* [Dataset content]
################
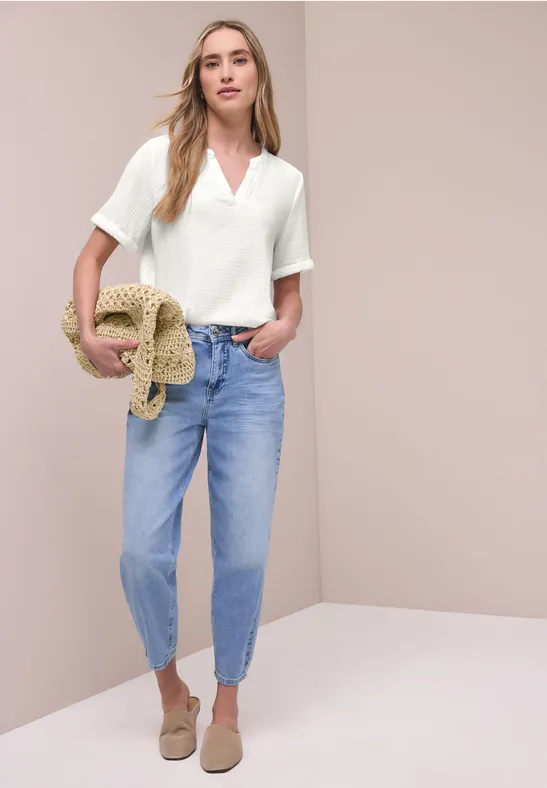 Blouse met korte mouwen in mousseline kwaliteit off white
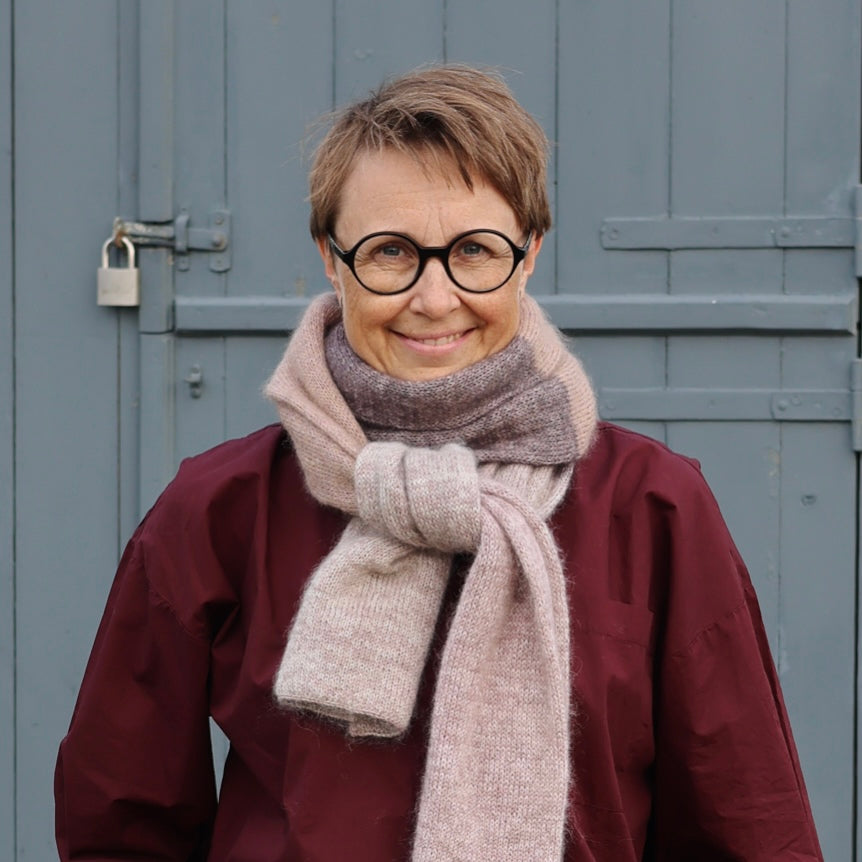 Adventskalender – Strikkekit med 4 gaver (IRIS eller SIRI tørklæde)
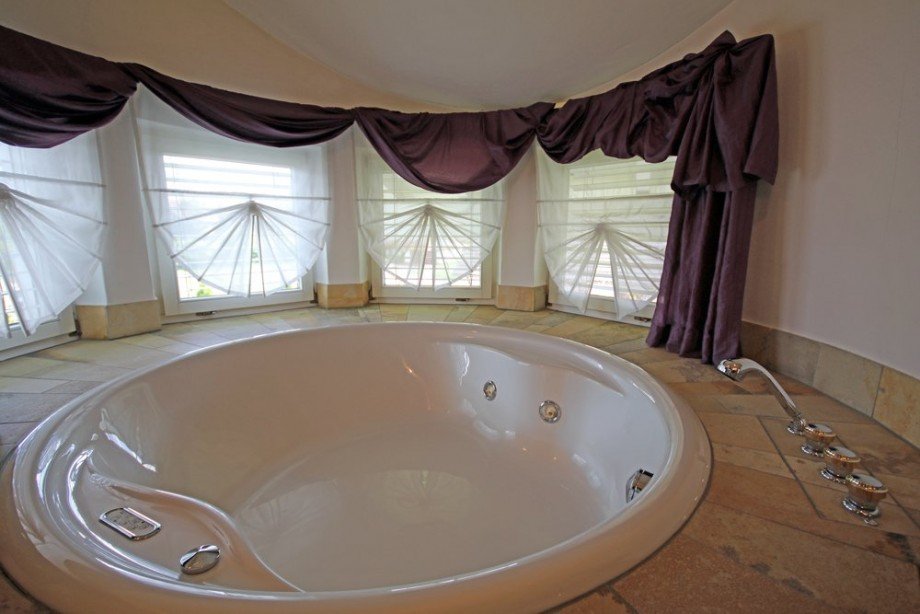 und mit Whirlpoolwanne Einfamilienhaus Erbach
################
Please set down every line of the data above precisely, dropping the images.

 Blouse met korte mouwen in mousseline kwaliteit off white
 Adventskalender – Strikkekit med 4 gaver (IRIS eller SIRI tørklæde)
 und mit Whirlpoolwanne Einfamilienhaus Erbach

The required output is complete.